Limiting access to commons, such as pastures, has been documented in both Palestine and Kashmir. Disrupting movement of pastoral communities herding goats and sheep in both Kashmir and Palestine is an age-old tactic. The movie, Foragers describes a poignant story of disrupting the tradition of foraging wild edible plants in Palestine in the face of prohibitive Israeli laws than ban these customs. Similarly, in upcoming work, my co-authors and I find that Kashmiris have reduced their reliance of wild foods as militarisation further entrenches itself into the foodscapes in the valley and beyond.

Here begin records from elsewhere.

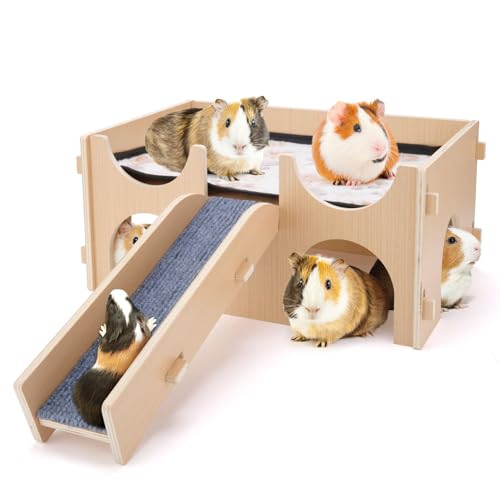 Meerschweinchen Versteck Holz, Meerschweinchen Holz Versteck Meerschweinchen Haus mit Rampe Meerschweinchen Schloss für Häschen Hamster Chinchillas Spielen Verstecken Meerschweinchen Versteck Holz, Meerschweinchen Holz Versteck Meerschweinchen Haus mit Rampe Meerschweinchen Schloss für Häschen Hamster Chinchillas Spielen Verstecken von HOOTO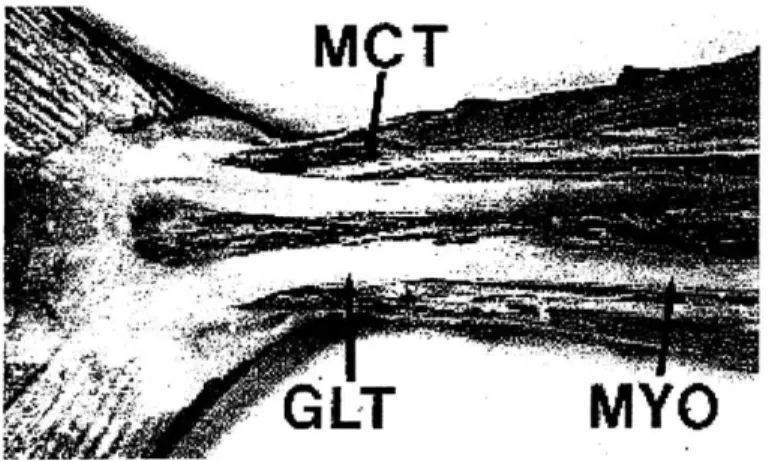 Figure  2-7:  Side  view  of the lateral  keel  section  in a real  tuna.  Courtesy of M.W.Westneat et  al.[11]  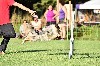  - Concours d'agility de Mouriès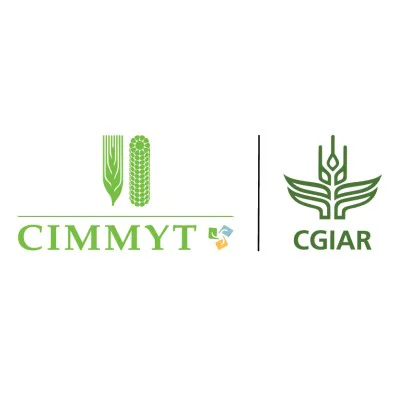 Logo of International Maize and Wheat Improvement Center (CIMMYT)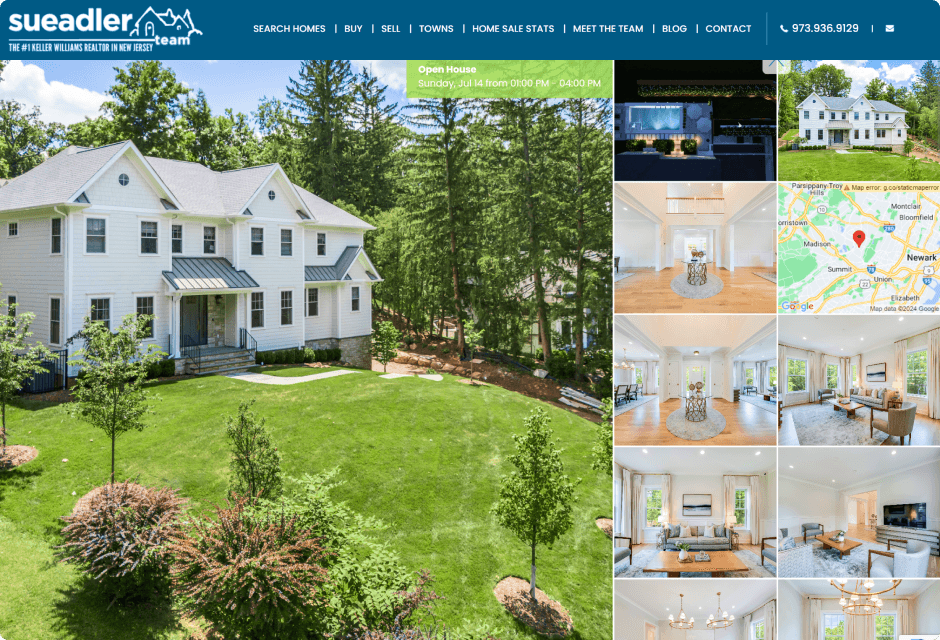 Sue Adler's website screenshot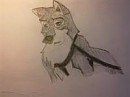 Balto as sled dog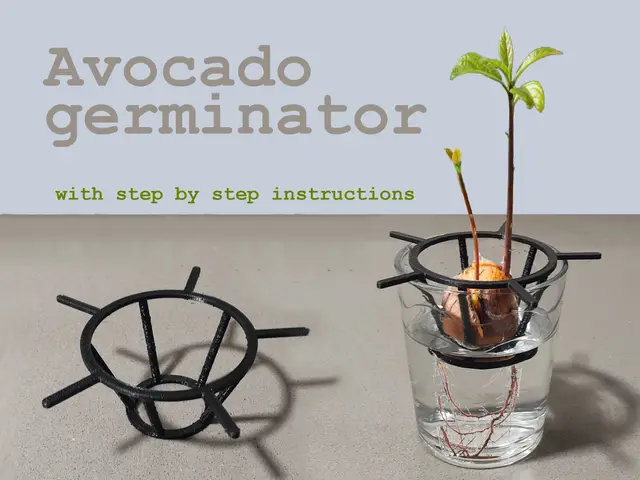 Avocado germinator — modelo 3D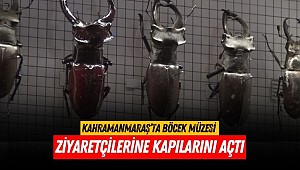 Kahramanmaraş’ta Böcek Müzesi Ziyaretçilerine Kapılarını Açtı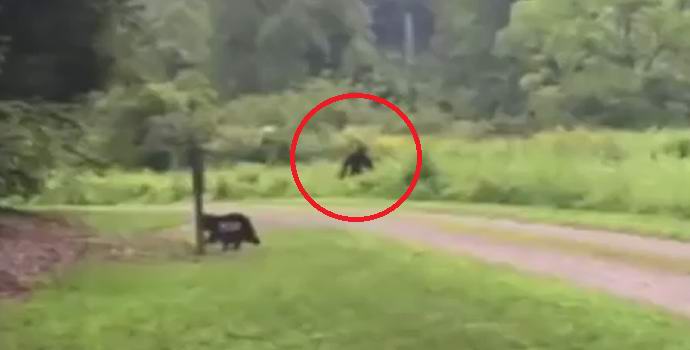 Az apró kutya megijesztette a lábát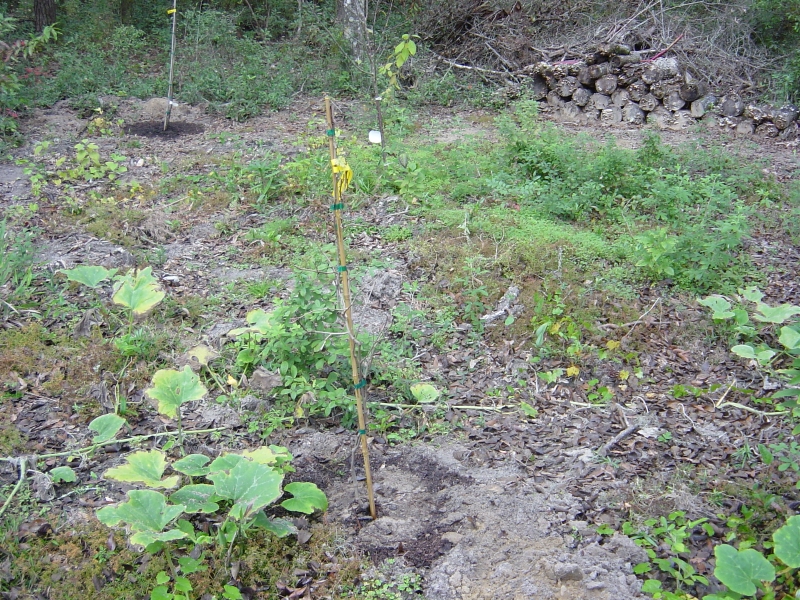 January 2005 - soon after planting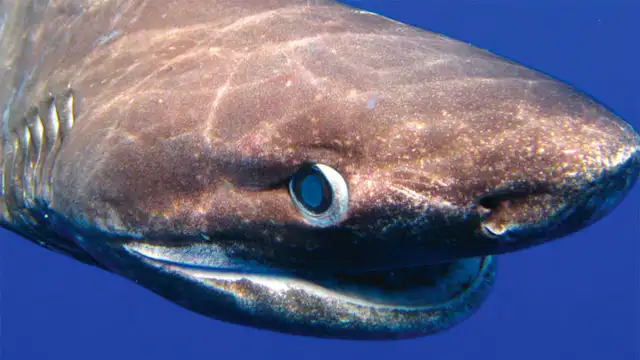El cañabota gris sube a aguas poco profundas solo en la noche. Foto: Difusión. El cañabota gris sube a aguas poco profundas solo en la noche. Foto: Difusión.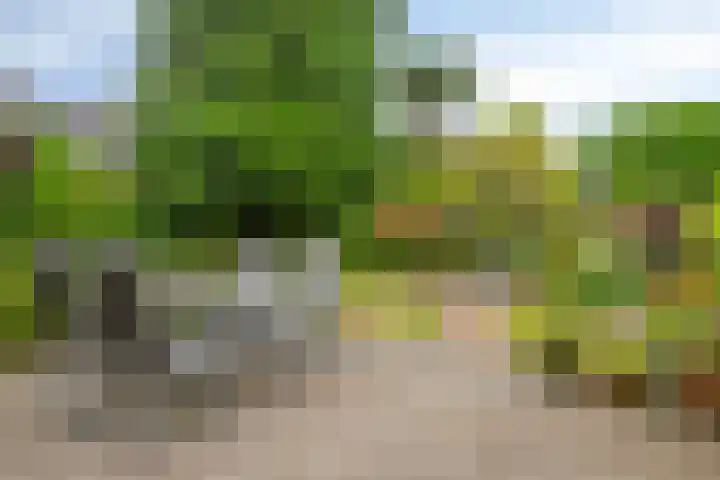 Gentiaanstraat 54 Bussum thumbnail 28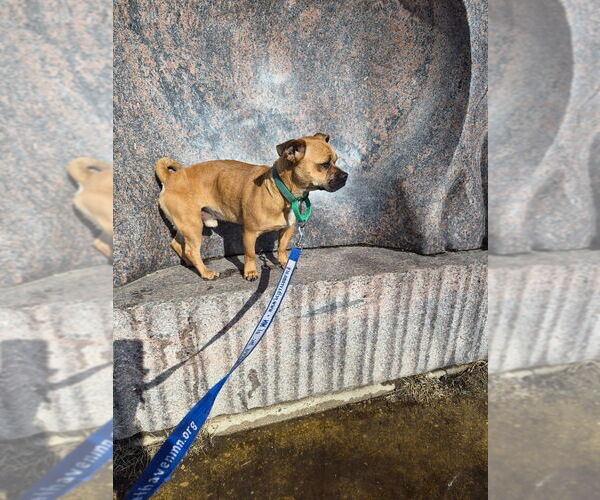 Medium Photo #4 Chug Puppy For Sale in Minneapolis, MN, USA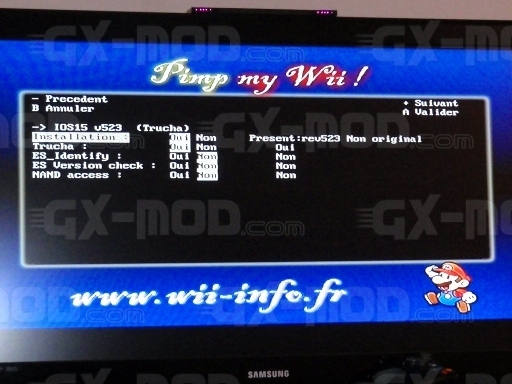 Hack-Wii-v4.3049.jpg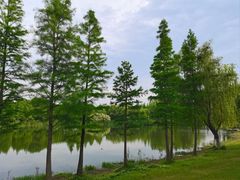 -贡湖湾湿地公园
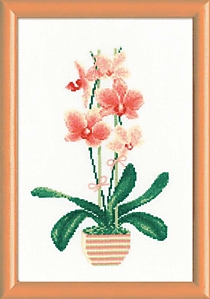 Риолис 1161
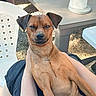 brown_dog, cute, daylight, dog, funny_expression, fur, gravel, lap, outdoor, paper_towel, person, pet, plastic_chair, relaxed, resting, shadow, sitting, small_dog, sunlight, table
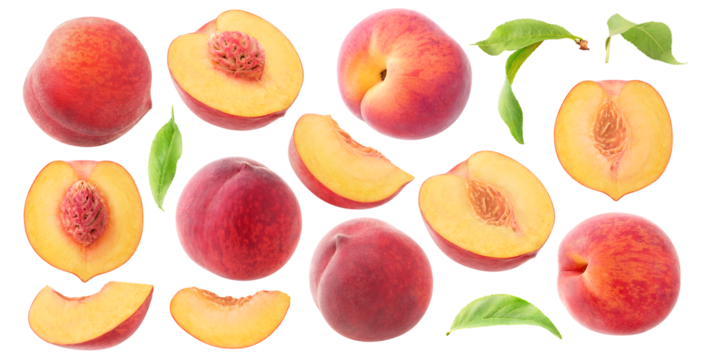 Collection of whole and cut peach fruits and leaves, cut out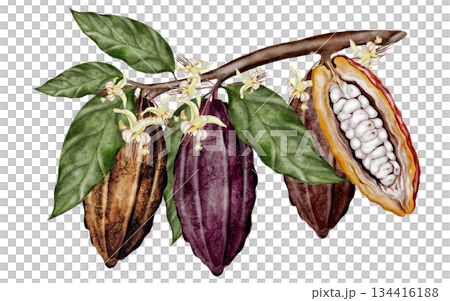 Cocoa beans on a branch with leaves and flowers. Botanical clip art. Perfect for decorating chocolate, cocoa products, and cosmetics. Cocoa beans on a branch with leaves and flowers. Botanical clip art. Perfect for decorating chocolate, cocoa products, and cosmetics. 134416188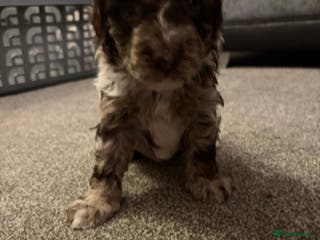 Bordoodle dogs Stunning litter of colliepoo/bordoodle puppies - Advert 1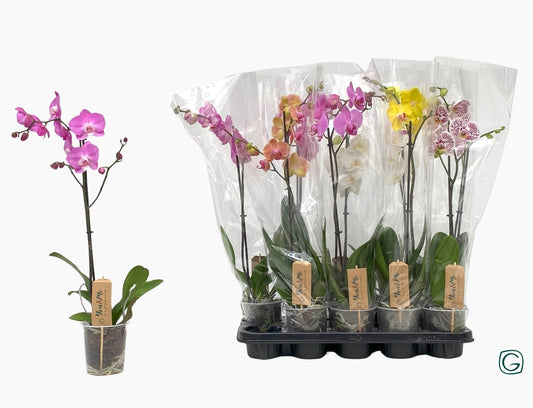 Phalaenopsis mix 50cm 12cm Pot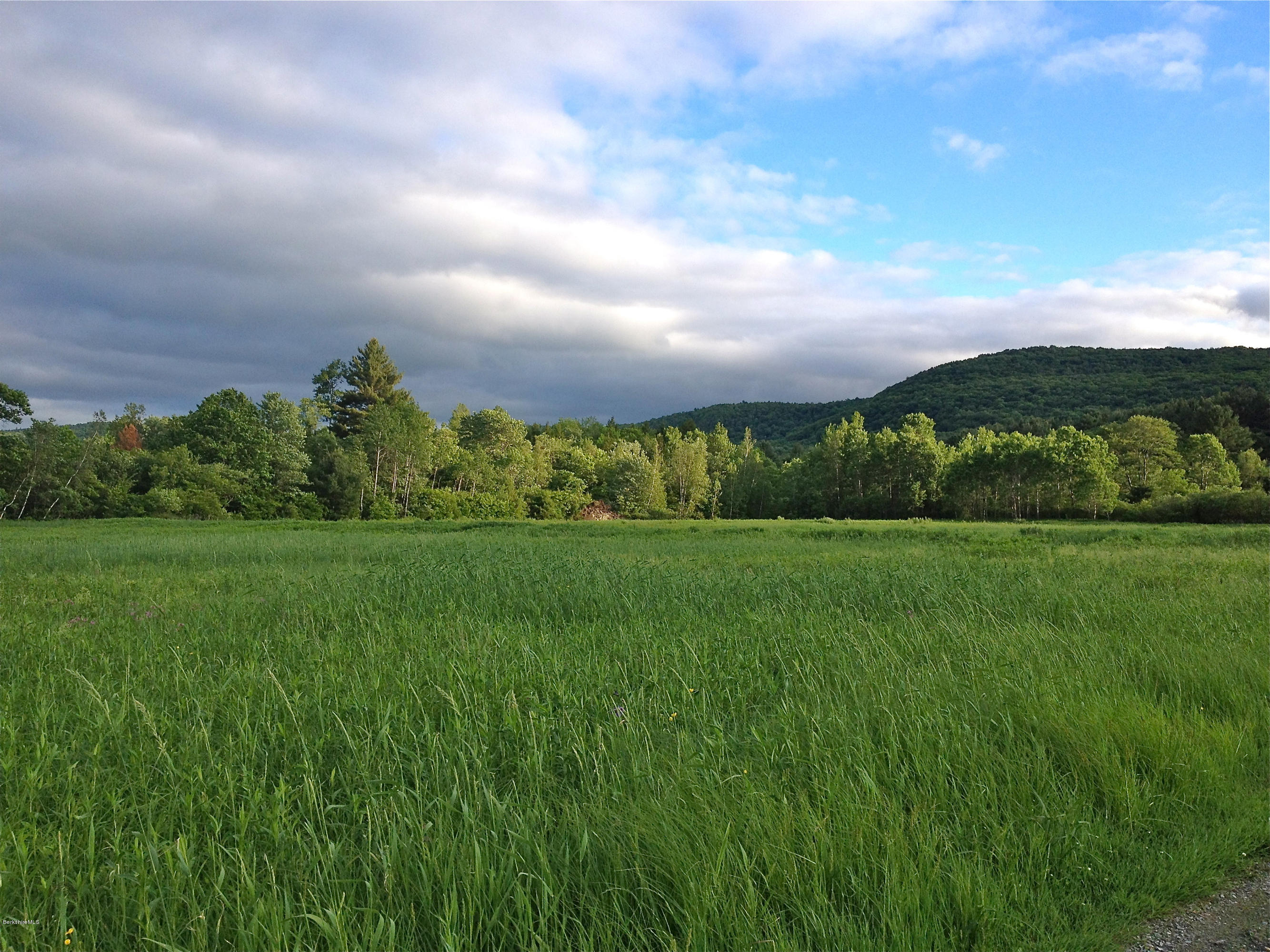 151 Main Road Tyringham, MA 01264 - Photo 3 of 62 a view of a big yard with a large tree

Olive trees are very much part of the symbolism of the resistance, but their cultivation is also moving the Palestinian people away from producing their own food. Area under olive cultivation is increasing annually partly due to its income earning potential but also avoid confiscation of land under the Article 78 of the Ottoman Land Code 1858 that the Israeli state interprets as claiming uncultivated lands as ‘unowned’ and, therefore, state land. As olive cultivation is less labour intensive than vegetable and fruit production, olive tends to be cultivated. It is known amongst Palestinians that this production, whilst bringing more cash into the family, will destroy their ability to resist against the occupation in the long run because they are not producing food. Similar tactics are used in Kashmir, where the military destroyed decades old apple orchards. Apples are to Kashmiris, what olives are to Palestinians. A cultural tradition, form of resistance and a key source of livelihoods. Whilst apples and olives are important to the economic resilience, they also contribute to reducing the capacity to produce food as more the limited cultivable land is shifted away from food production to cash crops.
Conclusion
Kashmir and Palestine share many similarities and may act as term of reference for other contexts around the world due to the decades long conflicts entwined in repression, marginalisation and violence against indigenous populations, strong cultural-ethnic farming and food practices and ongoing challenges of changing food systems to strengthen indigenous food security from the bottom-up. This is particularly relevant in relation to the controversial United Nations Food Systems Summit, which has been criticised by a large group of indigenous organisations, including the Union of Agricultural Work Committees (UAWC), to privilege corporate and violent food regimes that often contribute to diet related non-communicable diseases amongst indigenous people.
The project findings support our understanding of human rights violations made through the food systems. It documents human right violations beyond physical violence to make a case for economic self-determination of the occupied people on food systems through the use political economy theories of state formation, theories of public and private investments during “uncertain times”, power structures in protracted conflict and systems thinking to identify upstream and downstream impact of occupations on agrarian change.
Biography
Mehroosh Tak is a Kashmiri political economist based at The Royal Veterinary College in London. Her research enquires the limits of neoliberal policymaking in settler colonial contexts with special focus on food systems. As such her research contributes to the limited understanding of food systems in protracted crises. This blog is based on research conducted by Mehroosh in the West Bank, Palestine with Anan Quzmar and Martin Dudek.
The views expressed by our authors on the CBRL blog are not necessarily endorsed by CBRL but are commended as contributing to public debate.